Pictures do not belong in the copy; restate the records below word for word.

Scraped caption text data
====

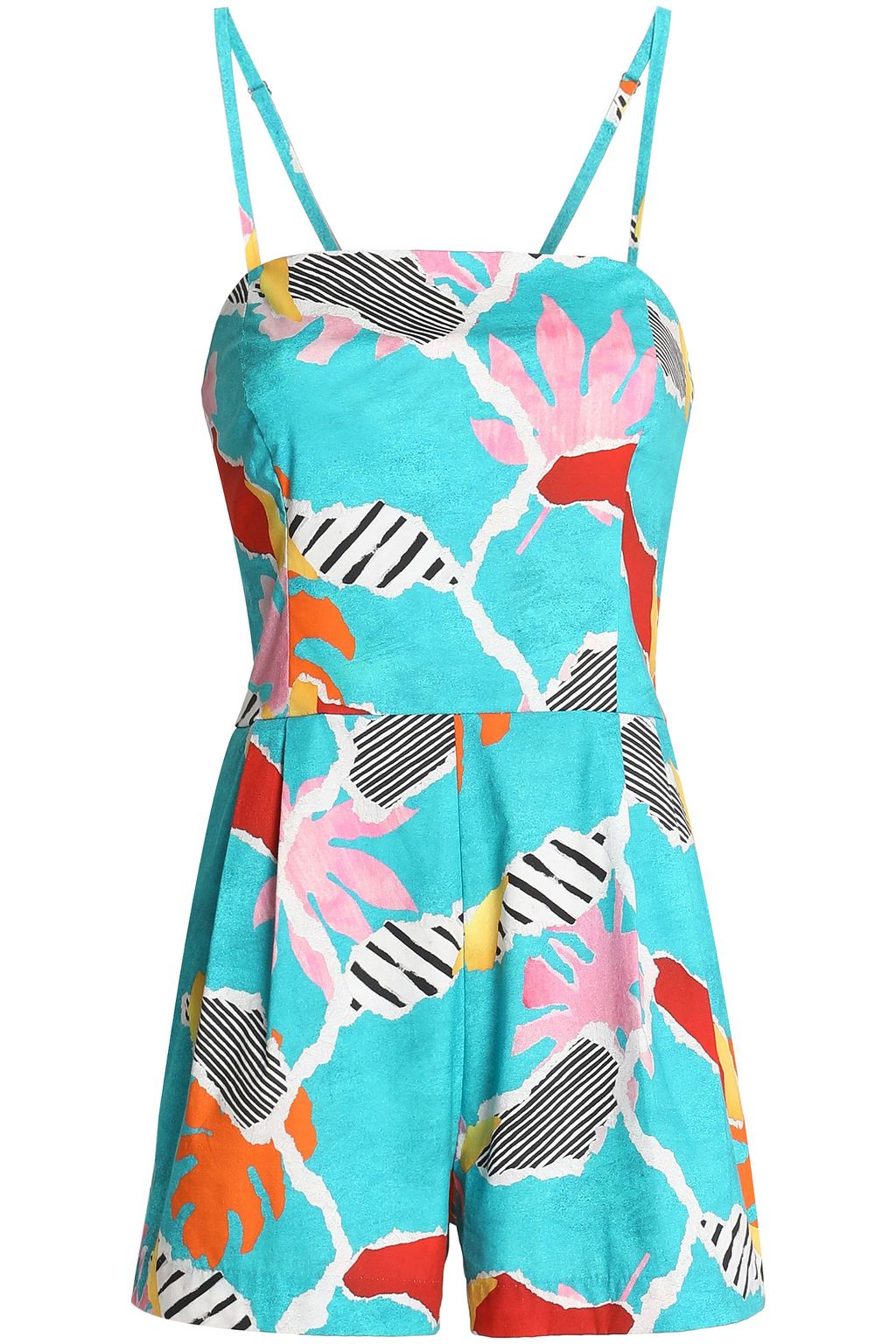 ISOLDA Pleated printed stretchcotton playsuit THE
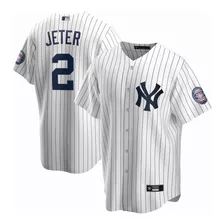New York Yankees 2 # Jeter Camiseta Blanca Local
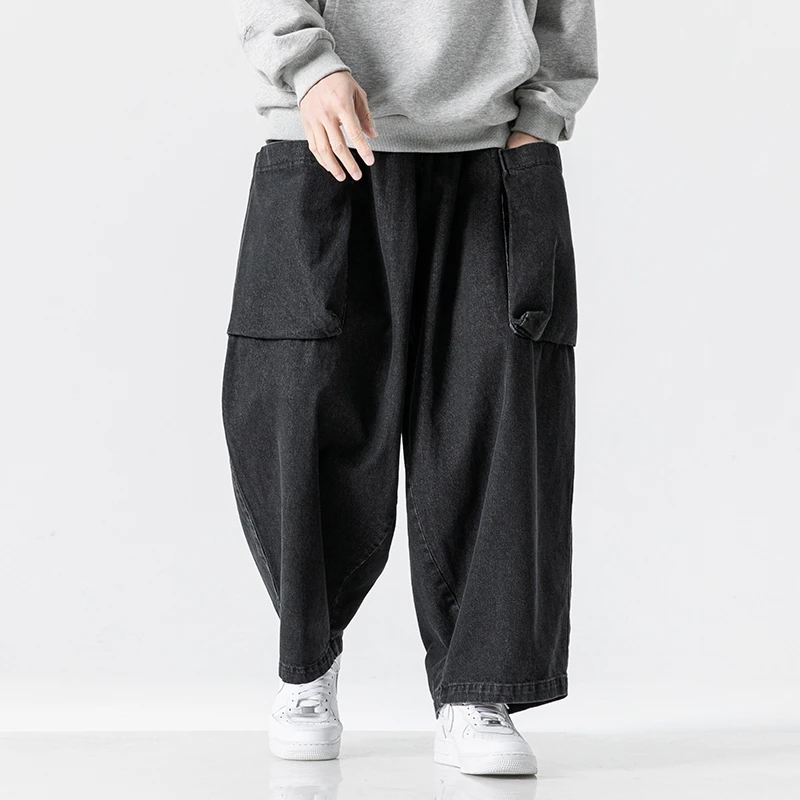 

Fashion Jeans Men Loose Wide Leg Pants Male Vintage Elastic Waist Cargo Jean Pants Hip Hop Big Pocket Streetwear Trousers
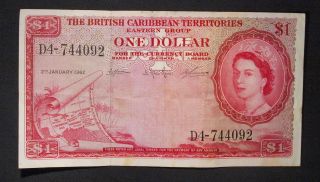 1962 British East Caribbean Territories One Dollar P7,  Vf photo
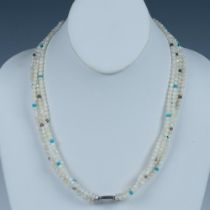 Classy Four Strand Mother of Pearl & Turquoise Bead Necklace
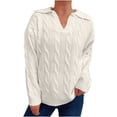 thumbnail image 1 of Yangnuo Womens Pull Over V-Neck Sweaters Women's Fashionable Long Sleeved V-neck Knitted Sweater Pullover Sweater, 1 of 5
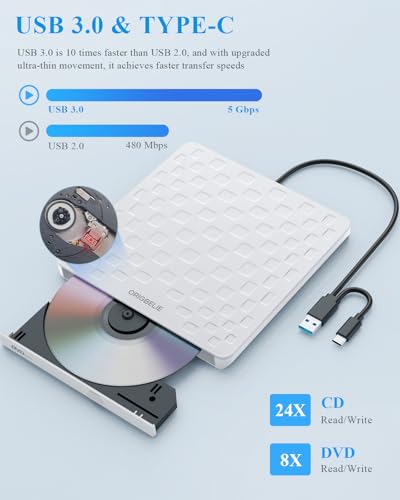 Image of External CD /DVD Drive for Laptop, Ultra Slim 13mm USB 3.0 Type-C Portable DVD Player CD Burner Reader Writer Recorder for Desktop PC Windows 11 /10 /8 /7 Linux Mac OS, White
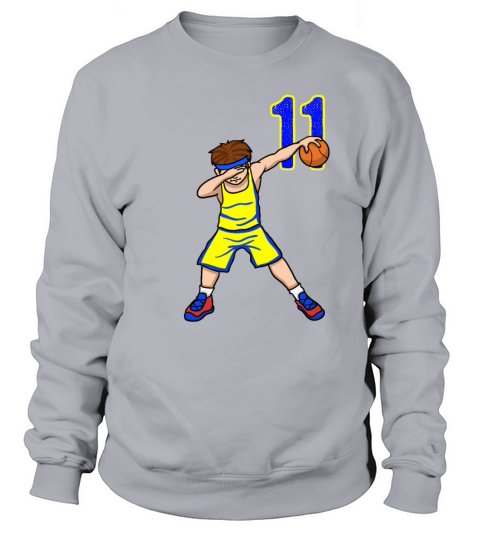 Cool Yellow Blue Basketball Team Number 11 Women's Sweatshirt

====

RESPONSE BOX —
 ISOLDA Pleated printed stretchcotton playsuit THE
New York Yankees 2 # Jeter Camiseta Blanca Local

Fashion Jeans Men Loose Wide Leg Pants Male Vintage Elastic Waist Cargo Jean Pants Hip Hop Big Pocket Streetwear Trousers
 1962 British East Caribbean Territories One Dollar P7,  Vf photo
 Classy Four Strand Mother of Pearl & Turquoise Bead Necklace
 thumbnail image 1 of Yangnuo Womens Pull Over V-Neck Sweaters Women's Fashionable Long Sleeved V-neck Knitted Sweater Pullover Sweater, 1 of 5
 Image of External CD /DVD Drive for Laptop, Ultra Slim 13mm USB 3.0 Type-C Portable DVD Player CD Burner Reader Writer Recorder for Desktop PC Windows 11 /10 /8 /7 Linux Mac OS, White
 Cool Yellow Blue Basketball Team Number 11 Women's Sweatshirt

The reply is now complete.